There are two types of charges; fixed charges and floating charges. A fixed charge refers to a loan or mortgage of some kind that uses a fixed asset as collateral to secure loan repayment. Fixed assets that can be used as collateral in a fixed charge include land, machinery, buildings, shares, and intellectual property (patents, trademarks, copyrights, etc.). In the event that the borrower defaults on his loan, the bank can sell the fixed asset and recover their losses. The borrower/debtor cannot dispose the asset and the asset must be held by the borrower until the total loan repayment is made. A floating charge refers to a loan or mortgage on an asset that has a value that changes periodically to secure loan repayment. In this case, assets that do not have a constant value, or are not fixed assets such as stock inventory can be used.

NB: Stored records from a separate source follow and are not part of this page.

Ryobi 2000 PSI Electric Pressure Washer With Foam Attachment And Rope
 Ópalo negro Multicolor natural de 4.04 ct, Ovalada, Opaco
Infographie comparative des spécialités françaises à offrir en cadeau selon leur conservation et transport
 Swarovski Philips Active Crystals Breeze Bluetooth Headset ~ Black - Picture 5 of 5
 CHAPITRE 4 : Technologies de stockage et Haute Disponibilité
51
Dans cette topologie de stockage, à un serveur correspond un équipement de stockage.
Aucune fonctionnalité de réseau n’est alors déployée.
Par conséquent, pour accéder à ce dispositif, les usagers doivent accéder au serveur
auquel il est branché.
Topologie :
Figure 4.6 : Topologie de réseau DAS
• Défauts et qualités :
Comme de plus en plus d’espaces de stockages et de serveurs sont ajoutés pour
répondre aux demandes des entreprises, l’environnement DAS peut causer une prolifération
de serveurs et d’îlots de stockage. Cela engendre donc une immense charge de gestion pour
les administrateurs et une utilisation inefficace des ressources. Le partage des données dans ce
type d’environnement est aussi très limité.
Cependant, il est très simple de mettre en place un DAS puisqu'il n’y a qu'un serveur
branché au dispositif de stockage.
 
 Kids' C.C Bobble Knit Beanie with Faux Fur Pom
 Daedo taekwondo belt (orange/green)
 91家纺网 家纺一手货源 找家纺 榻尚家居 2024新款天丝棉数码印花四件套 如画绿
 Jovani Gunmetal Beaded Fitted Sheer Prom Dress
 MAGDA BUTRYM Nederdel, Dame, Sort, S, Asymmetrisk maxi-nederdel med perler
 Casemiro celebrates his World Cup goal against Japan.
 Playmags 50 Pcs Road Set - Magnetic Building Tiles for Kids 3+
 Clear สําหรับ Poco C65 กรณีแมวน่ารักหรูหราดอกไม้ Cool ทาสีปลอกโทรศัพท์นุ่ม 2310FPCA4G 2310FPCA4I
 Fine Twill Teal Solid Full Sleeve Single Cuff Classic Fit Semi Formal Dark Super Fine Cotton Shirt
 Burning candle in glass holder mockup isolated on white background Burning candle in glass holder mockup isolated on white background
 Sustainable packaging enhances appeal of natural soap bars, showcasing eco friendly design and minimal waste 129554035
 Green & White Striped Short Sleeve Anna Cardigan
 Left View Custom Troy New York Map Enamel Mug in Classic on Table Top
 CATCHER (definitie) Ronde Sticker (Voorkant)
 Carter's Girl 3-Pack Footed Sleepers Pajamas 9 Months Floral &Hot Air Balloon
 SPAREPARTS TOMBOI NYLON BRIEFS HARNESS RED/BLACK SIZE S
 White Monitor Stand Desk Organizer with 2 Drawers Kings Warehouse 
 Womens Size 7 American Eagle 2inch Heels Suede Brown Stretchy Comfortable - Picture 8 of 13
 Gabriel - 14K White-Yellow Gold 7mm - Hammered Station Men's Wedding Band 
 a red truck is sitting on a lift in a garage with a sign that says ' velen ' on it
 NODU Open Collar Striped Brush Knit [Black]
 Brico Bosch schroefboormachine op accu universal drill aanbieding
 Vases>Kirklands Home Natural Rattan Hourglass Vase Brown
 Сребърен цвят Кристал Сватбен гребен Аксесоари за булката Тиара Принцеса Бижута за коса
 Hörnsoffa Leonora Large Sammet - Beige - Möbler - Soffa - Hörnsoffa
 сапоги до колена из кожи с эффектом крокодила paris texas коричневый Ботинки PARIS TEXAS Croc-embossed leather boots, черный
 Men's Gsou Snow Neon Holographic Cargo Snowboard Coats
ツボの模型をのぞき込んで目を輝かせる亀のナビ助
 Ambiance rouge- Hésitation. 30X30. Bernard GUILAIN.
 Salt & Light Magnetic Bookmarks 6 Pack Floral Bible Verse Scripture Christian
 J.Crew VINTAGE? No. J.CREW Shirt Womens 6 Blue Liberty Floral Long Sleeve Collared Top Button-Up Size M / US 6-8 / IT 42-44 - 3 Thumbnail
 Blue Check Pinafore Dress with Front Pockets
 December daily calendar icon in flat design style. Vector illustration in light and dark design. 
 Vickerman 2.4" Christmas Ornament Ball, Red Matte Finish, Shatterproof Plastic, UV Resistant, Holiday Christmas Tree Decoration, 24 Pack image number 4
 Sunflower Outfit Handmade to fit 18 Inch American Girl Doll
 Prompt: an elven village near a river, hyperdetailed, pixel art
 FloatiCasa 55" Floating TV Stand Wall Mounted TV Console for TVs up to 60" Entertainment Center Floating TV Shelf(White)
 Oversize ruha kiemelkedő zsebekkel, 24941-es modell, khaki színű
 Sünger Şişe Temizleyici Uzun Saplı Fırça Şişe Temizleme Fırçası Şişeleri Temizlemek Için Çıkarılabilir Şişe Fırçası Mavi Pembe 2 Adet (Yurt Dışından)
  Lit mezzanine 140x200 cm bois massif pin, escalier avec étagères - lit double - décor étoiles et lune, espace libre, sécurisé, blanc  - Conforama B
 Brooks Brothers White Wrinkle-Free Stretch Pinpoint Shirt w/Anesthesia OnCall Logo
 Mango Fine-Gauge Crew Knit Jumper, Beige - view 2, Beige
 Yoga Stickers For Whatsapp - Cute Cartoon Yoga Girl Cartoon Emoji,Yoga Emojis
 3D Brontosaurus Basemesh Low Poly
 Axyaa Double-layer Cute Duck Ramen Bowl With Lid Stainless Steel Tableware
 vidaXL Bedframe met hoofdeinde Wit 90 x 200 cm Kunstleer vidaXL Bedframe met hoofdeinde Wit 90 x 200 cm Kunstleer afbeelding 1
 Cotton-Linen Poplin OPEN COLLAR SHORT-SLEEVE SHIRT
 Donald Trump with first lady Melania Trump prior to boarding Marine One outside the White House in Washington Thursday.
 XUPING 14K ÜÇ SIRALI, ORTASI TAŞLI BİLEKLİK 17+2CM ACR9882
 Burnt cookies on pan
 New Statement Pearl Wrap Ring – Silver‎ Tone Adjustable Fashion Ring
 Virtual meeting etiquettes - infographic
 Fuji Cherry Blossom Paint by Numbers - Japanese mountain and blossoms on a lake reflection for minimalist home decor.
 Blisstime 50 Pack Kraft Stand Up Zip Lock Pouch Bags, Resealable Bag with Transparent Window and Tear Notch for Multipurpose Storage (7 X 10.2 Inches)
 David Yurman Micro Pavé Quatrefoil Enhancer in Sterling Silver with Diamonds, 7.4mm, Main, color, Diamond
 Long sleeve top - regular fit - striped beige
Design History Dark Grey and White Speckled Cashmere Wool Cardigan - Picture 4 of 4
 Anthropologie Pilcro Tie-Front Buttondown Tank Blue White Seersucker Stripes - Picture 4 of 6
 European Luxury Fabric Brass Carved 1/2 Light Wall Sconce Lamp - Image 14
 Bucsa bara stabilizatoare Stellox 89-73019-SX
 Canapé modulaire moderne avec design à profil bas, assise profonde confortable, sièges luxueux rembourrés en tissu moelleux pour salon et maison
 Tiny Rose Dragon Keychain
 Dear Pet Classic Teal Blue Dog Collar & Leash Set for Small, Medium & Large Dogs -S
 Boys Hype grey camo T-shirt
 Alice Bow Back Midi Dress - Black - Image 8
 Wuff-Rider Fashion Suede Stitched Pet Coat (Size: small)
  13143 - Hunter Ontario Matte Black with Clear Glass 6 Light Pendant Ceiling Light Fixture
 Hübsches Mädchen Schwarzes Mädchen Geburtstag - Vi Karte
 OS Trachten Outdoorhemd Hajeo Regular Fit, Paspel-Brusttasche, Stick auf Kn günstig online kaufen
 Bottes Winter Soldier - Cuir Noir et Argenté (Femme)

In a floating charge, the borrower has the freedom to dispose of the asset (for example, sell stock) in the course of normal business activities. In the event that the borrower defaults on their loan, the floating charge freezes and becomes a fixed charge, and the inventory left over from the time of default cannot be disposed and will be used as a fixed charge to recover the outstanding debt.

Mortgage

A mortgage is a contract between the lender and the borrower that allows an individual to borrow money from a lender for the purchase of housing. Mortgages apply for property that is immovable such as buildings, land, and anything that is permanently attached to the ground (this means that crops are not included in this category). A mortgage is also an assurance to the lender which promises that the lender can recover the loan amount even if the borrower defaults. The home that is being purchased is offered as security for the loan; which, in the event of default, will be seized and sold by the lender who will use sales proceeds to recover the loan amount. The possession of the property remains with the borrowers (as they will usually reside in their home).

Pledge

A pledge is a contract between the borrower (or party/individual that owes funds or services) and lender (party or entity to which the funds or services are owed) in which the borrower offers an asset (pledges an asset) as a security to the lender. In a pledge, the assets will have to be delivered by the pledger (borrower) to the pledgee (lender). The lender will have limited interest with regard to the pledged asset. However, the possession of the pledged asset will give the lender legal title to the asset and the lender has the right to sell the asset in the event that the borrower is unable to meet his obligation.

What are the differences between Charge, Mortgage and Pledge?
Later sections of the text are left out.